━━━ Data ━━━

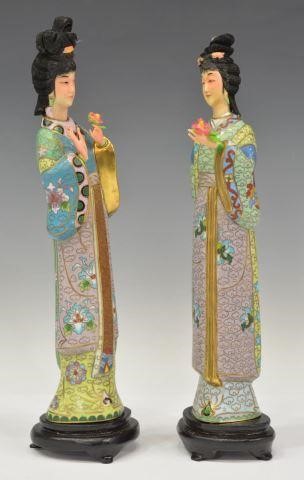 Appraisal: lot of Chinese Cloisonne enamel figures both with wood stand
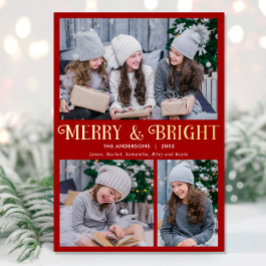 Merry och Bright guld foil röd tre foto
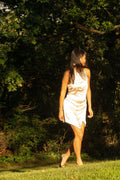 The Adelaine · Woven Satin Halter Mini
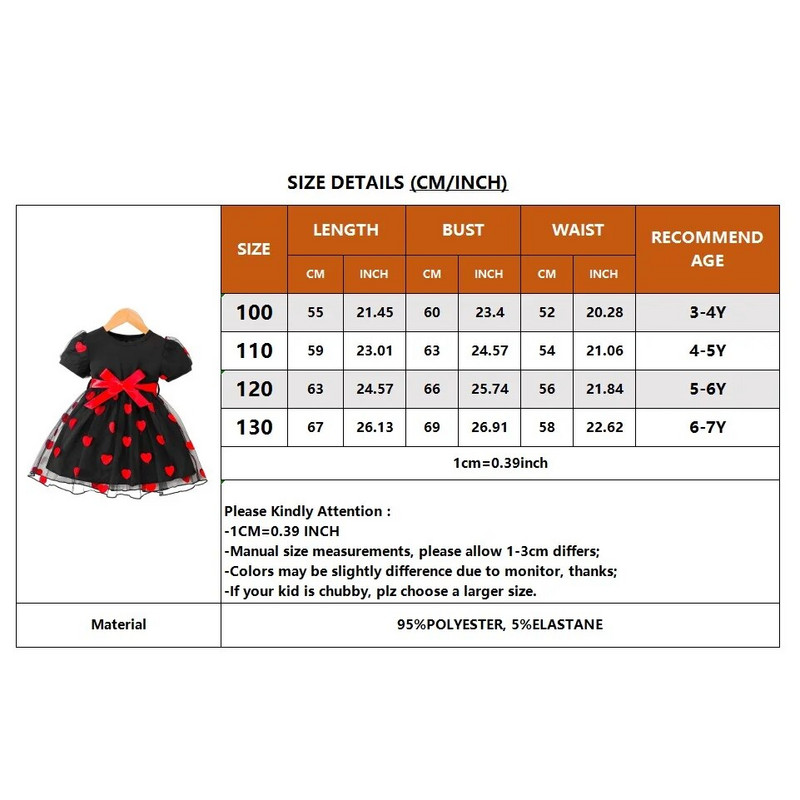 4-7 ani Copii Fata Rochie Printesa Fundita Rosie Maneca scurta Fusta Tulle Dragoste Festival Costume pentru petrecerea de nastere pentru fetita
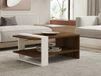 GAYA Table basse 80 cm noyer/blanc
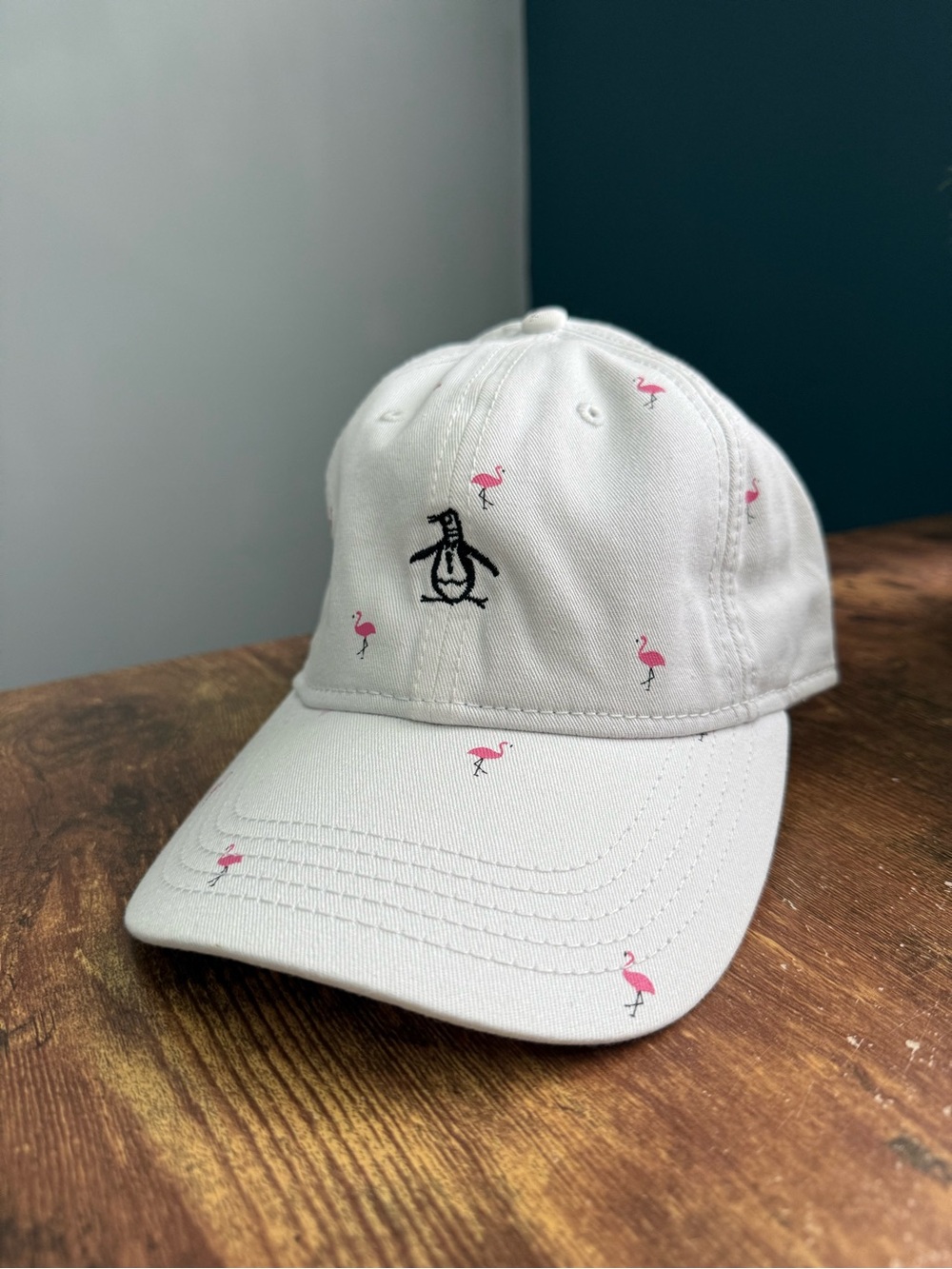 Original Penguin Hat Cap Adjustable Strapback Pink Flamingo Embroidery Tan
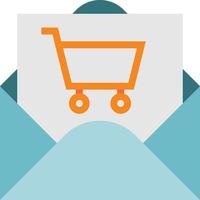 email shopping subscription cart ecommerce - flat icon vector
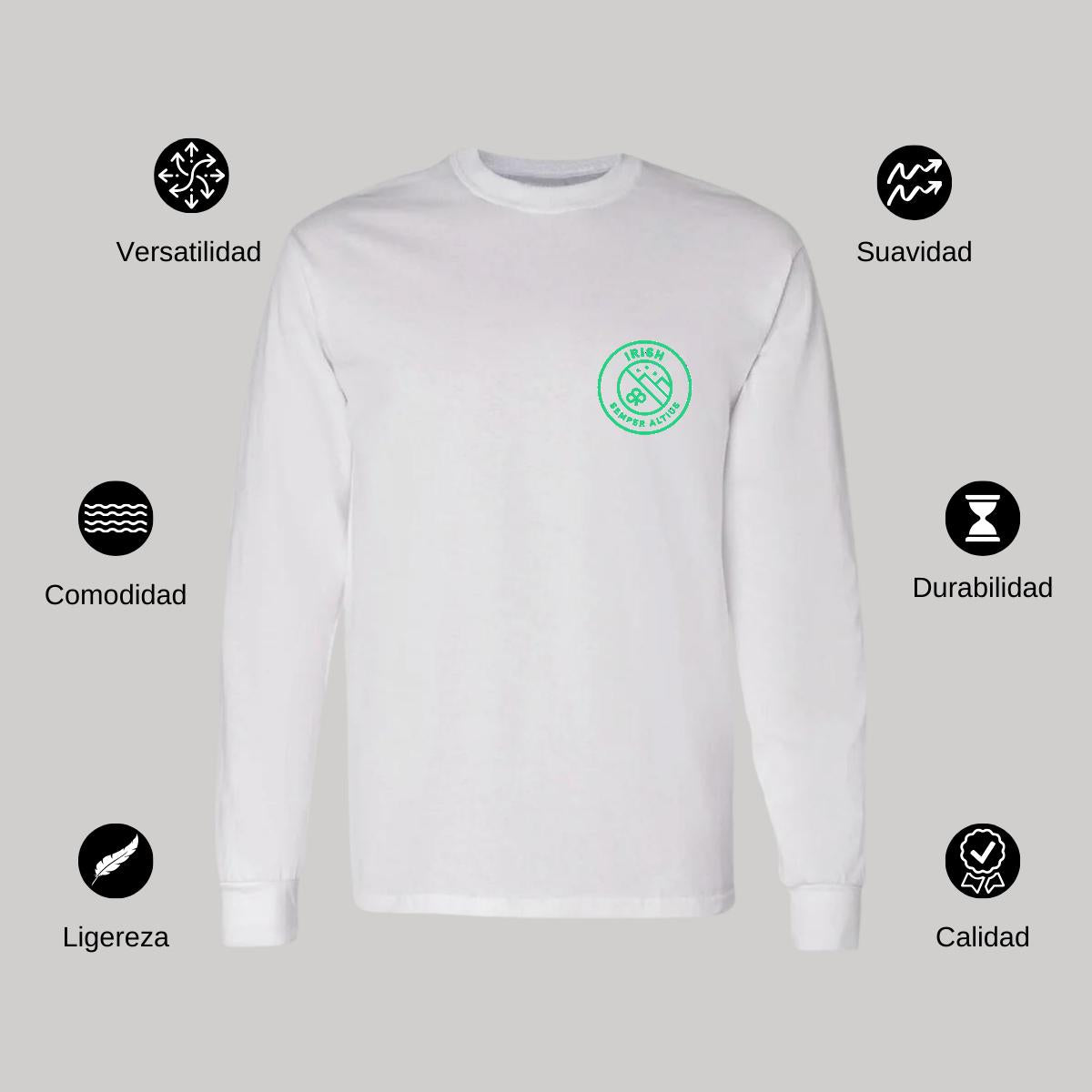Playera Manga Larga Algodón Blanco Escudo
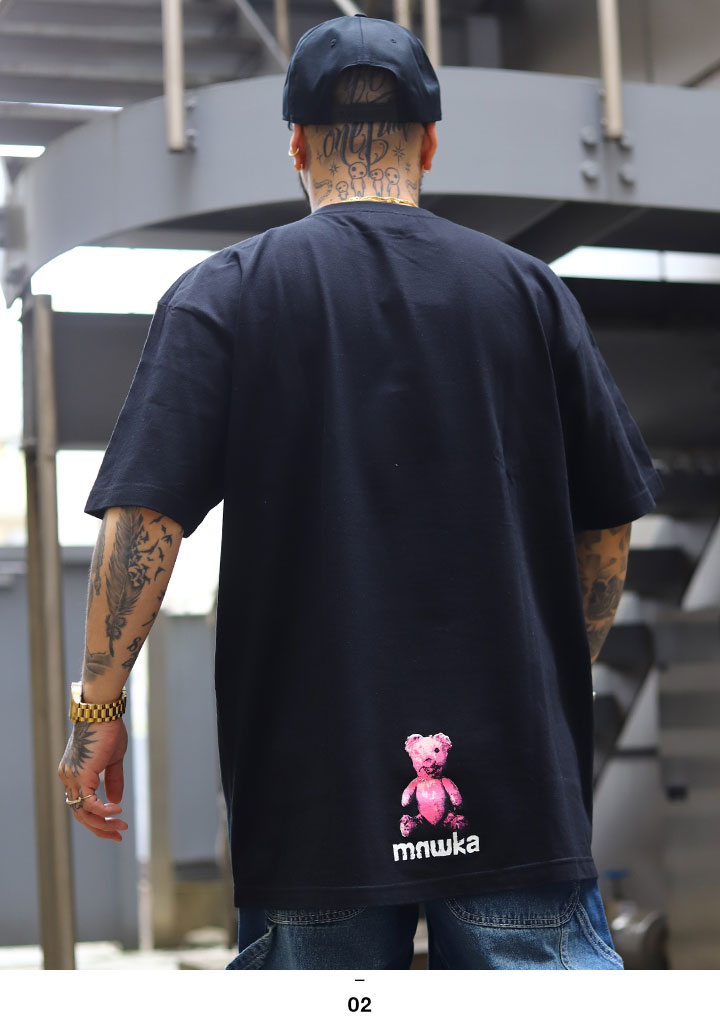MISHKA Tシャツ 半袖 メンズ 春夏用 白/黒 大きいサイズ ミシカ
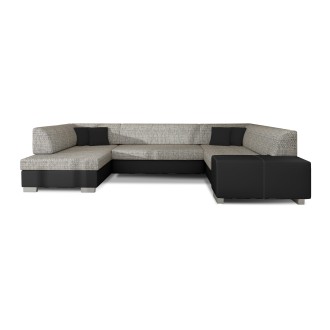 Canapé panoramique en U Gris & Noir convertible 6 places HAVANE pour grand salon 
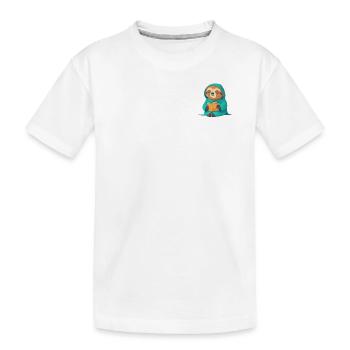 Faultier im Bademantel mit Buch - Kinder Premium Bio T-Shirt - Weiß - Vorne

━━━
━━━ Data ━━━

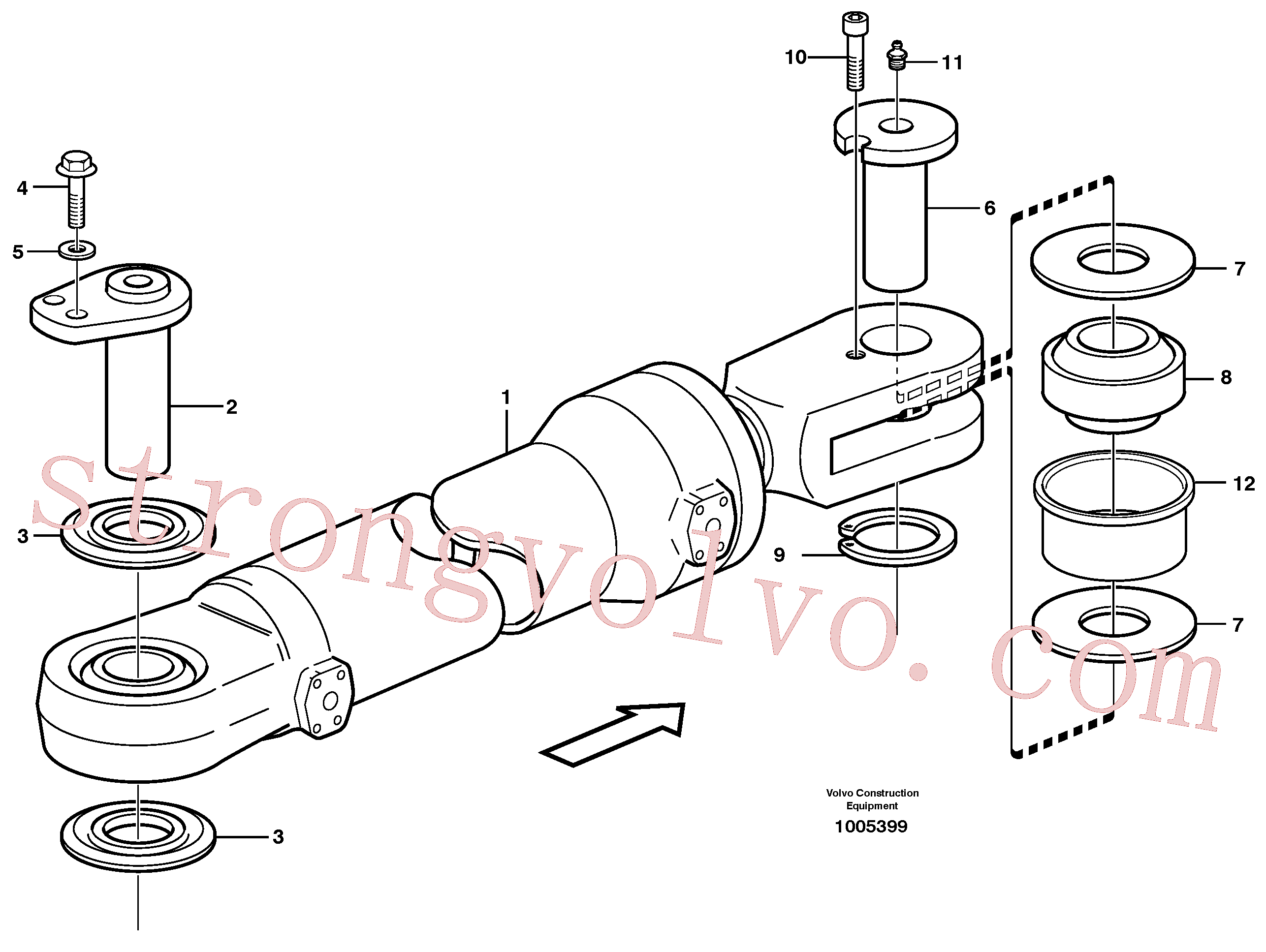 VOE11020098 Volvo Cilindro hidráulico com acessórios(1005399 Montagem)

━━━
━━━ Data ━━━

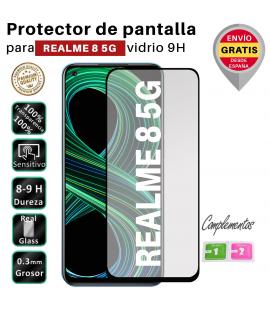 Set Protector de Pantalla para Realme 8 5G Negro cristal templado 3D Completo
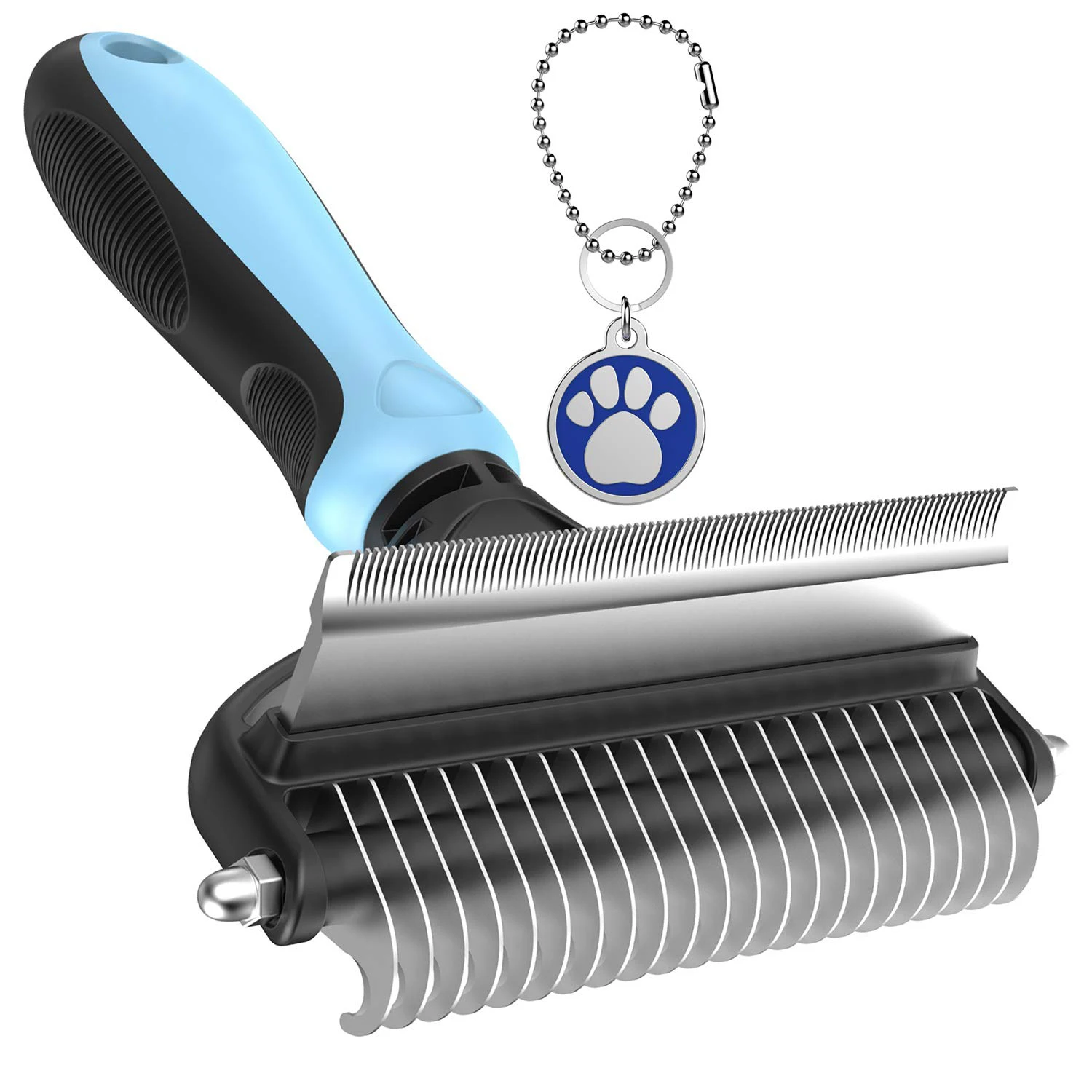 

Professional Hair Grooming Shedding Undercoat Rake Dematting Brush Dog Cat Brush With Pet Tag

━━━

» **Brief**
Output exactly the lines above, beginning at the one with "The Adelaine · Woven Satin Halter Mini" and stopping after the one with "Original Penguin Hat". Pictures are to be omitted.

» **Exercise answer**
 The Adelaine · Woven Satin Halter Mini
 4-7 ani Copii Fata Rochie Printesa Fundita Rosie Maneca scurta Fusta Tulle Dragoste Festival Costume pentru petrecerea de nastere pentru fetita
 GAYA Table basse 80 cm noyer/blanc
 Original Penguin Hat Cap Adjustable Strapback Pink Flamingo Embroidery Tan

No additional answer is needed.